The history of Licenza begins in Roman times when the Romans built some of their aqueducts in the Aniene Valley and this area was chosen by some Roman patricians who built their villas there.
The most important is certainly the great villa of the poet Horace, which was donated to him by Maecenas, which extended over an area of over 40 hectares. Since the twentieth century, the excavations of the villa have attracted teams of archaeologists from many parts of the world.
With the fall of the Roman Empire, the population abandoned the valley land and took refuge in fortresses built on high ground around the tenth century and here two were built in Licenza and Civitella di Licenza, on two distinct high grounds.
Initially the castles were to be part of the defense system of the nearby Farfa Abbey which in the struggle between the papacy and the empire had sided with the German family of Frederik Redbeard. With the defeat of the empire, the abbey of Farfa loses its power and all the castles enter the church system.
Licenza has always been part of the Papal State, given its extreme proximity to Rome, and since the 12th century its fiefdom has been assigned to the Orsini family. In a document dated 1275, the castles of Licenza and Civitella are mentioned as owned by Giacomo and Orso Orsini.
Over the centuries this family became more and more powerful and acquired the nearby castles of Roccagiovine in 1368, while they strengthened and enlarged that of Licenza.
In the Renaissance the castle was transformed into a residential building, with rooms frescoed by the painter Vincenzo Manenti, which we can admire today.

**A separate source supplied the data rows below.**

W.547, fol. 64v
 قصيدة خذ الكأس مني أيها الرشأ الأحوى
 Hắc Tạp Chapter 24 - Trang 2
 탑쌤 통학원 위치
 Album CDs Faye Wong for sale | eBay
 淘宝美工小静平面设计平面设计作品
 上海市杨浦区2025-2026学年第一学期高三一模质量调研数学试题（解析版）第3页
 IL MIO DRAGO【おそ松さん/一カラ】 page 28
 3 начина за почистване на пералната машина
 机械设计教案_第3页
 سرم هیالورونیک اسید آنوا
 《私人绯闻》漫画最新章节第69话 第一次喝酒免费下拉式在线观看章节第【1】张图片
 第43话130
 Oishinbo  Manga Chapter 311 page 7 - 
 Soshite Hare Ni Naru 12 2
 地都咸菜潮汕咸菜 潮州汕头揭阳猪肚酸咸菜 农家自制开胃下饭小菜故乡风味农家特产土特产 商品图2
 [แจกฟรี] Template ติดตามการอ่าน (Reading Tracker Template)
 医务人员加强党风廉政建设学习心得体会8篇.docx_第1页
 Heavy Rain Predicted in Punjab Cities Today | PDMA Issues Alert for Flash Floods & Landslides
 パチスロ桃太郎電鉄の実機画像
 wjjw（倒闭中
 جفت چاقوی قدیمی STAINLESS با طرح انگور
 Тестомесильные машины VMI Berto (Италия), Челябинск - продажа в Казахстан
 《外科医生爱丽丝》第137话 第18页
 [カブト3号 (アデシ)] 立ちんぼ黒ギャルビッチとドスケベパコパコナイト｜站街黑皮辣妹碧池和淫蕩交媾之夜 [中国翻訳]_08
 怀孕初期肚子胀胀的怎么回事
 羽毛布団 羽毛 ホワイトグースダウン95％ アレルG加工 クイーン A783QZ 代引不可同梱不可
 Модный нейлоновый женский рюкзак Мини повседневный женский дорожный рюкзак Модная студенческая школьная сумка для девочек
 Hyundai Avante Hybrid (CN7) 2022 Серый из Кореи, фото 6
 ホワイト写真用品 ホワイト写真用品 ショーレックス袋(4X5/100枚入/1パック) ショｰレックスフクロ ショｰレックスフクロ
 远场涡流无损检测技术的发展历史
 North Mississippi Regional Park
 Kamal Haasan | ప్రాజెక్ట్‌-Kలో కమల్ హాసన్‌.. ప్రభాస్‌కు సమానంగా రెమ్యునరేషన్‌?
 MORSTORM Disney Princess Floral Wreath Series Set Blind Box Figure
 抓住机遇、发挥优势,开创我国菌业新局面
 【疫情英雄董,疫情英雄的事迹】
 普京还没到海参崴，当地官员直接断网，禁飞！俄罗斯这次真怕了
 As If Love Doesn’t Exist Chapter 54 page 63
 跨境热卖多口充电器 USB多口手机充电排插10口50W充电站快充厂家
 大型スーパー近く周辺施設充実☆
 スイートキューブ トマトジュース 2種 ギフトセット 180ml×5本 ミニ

Throughout the seventeenth century, the Orsini family first sold part of the feud to the Borghese family starting from Civitella and then the whole feud in 1761. Borghese family also bought the neighbors Percile, Civitella and Roccagiovine. This long negotiation was born from a prohibition by Mario Orsini who had forbidden the sale of this fiefdom by his heirs.
In the 19th century, Licenza enjoyed a new period of splendor with the construction of the new church of the Immaculate Conception of the Blessed Virgin Mary based on a design by Valadier.
After the Napoleonic period in which Civitella had become an independent municipality, from 1898 it became a fraction of Licenza.
A local story tells that in order to define the borders between Licenza and Civitella, the population of the two castles decided that they would walk at sunrise (cockcrow) and the border would be the meeting point. The residents of Civitella reached as far as the center of Licenza and a dispute arose which ended with the definition of the border near the current cemetery.
The castle was then acquired by the municipality which made it the seat of the museum dedicated to Horace and an eco-hotel.